Fax machines and all-in-one devices could be used by hackers to infiltrate networks.
According to security researchers at Check Point Software, there are a number of flaws the fax functionalities of all-in-one printers that let attacks take control of such devices.
In a blog post, researchers Eyal Itkin and Yaniv Balmas said that with just a phone number, it was possible to send a malicious fax to an organisation that would gain control of the device it was sent to.
Using an HP Officejet Pro 6830 all-in-one printer as a test case, researchers were able to find problems with the modern implementation of the fax protocol.
"Using nothing but a phone line, we were able to send a fax that could take full control over the printer, and later spread our payload inside the computer network accessible to the printer," they said.
The flaw is connected to the all-in-one printers that support Group 3 (G3) fax protocols. "This standard defines the basic capabilities required from the sender and the receiver, while also outlining the different phases of the protocol," said researchers.
This is exploited during a receiving handshake of the device.
"We could reach this vulnerability by sending a huge XML (> 2GB) to the printer over TCP port 53048 thus triggering a stack-based buffer overflow. Exploiting this vulnerability then gave us full control over the printer, meaning that we could use this as a debugging vulnerability," said researchers.
"We believe that this security risk should be given special attention by the community, changing the way that modern network architectures treat network printers and fax machines. From now on, a fax machine should be treated as a possible infiltration vector into the corporate network."
They said that similar vulnerabilities are likely to be found in other fax implementation, such as fax-to-mail services, standalone fax machines, etc.
"Once an all-in-one printer has been compromised, anything is possible. It could be used to infiltrate the internal network, steal printed documents, mine Bitcoin, or practically anything," said researchers.
They estimated that hundreds of millions of fax machines still in use around the world and tens of millions of all-in-one printers are sold worldwide each year.
Researchers added that they have been working with HP to fix the vulnerability and, following the process of responsible disclosure, HP managed to release a patch before this publication.
Nicholas Griffin, senior cyber-security specialist at Performanta, told SC Media UK that these vulnerabilities will certainly be exploited by attackers due to the ease of doing so.
"Instead of trying to phish your employees, attackers can now send an undetectable attack over the phone and gain instant access to your internal network.
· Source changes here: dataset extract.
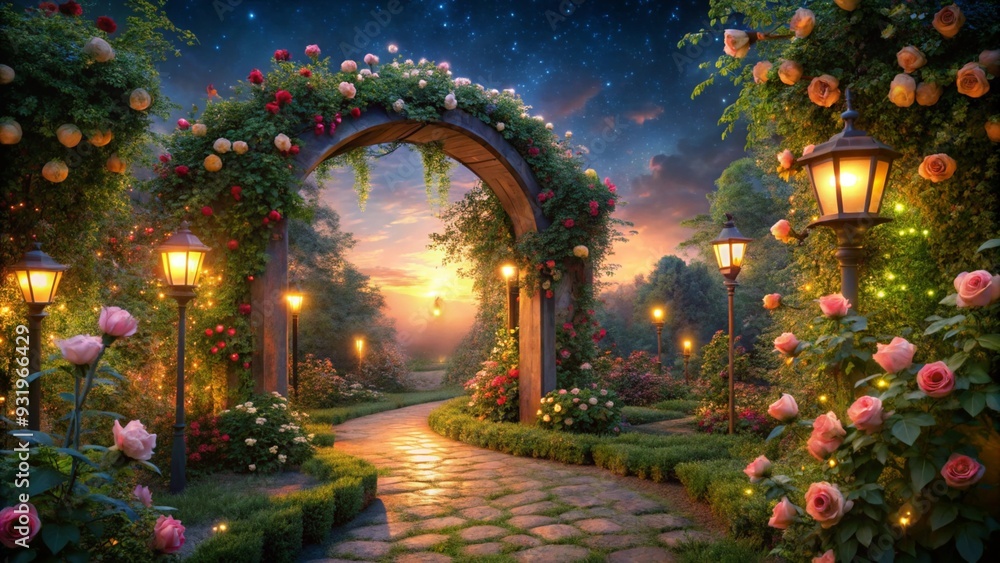 Fototapeta premium An enchanted garden at twilight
Certain industries rely heavily on fax machines – like the legal community and the NHS. The best form of defence here is to unplug your fax machine’s phone line," he said. "If you are using a HP machine, patch it immediately as a matter of criticality."
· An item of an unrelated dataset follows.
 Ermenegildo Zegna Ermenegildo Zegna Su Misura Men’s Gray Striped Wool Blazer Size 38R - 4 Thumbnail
Anthony Chadd, senior director, EMEA, Neustar, told SC Media UK that in order to stay ahead of potential attacks via fax, security teams must make it a priority to source and deploy the correct patches and/or microcode from vendors.
"After deployment, the performance should be continually examined for critical applications and services - because knowing what is normal for the environment is key to staying ahead," he added.
HP told SC Media UK that it was "made aware of a vulnerability in certain printers by a third-party researcher. HP has updates available to mitigate risks and have published a security bulletin with more information. HP takes security seriously and we encourage customers to keep their systems updated to protect against vulnerabilities."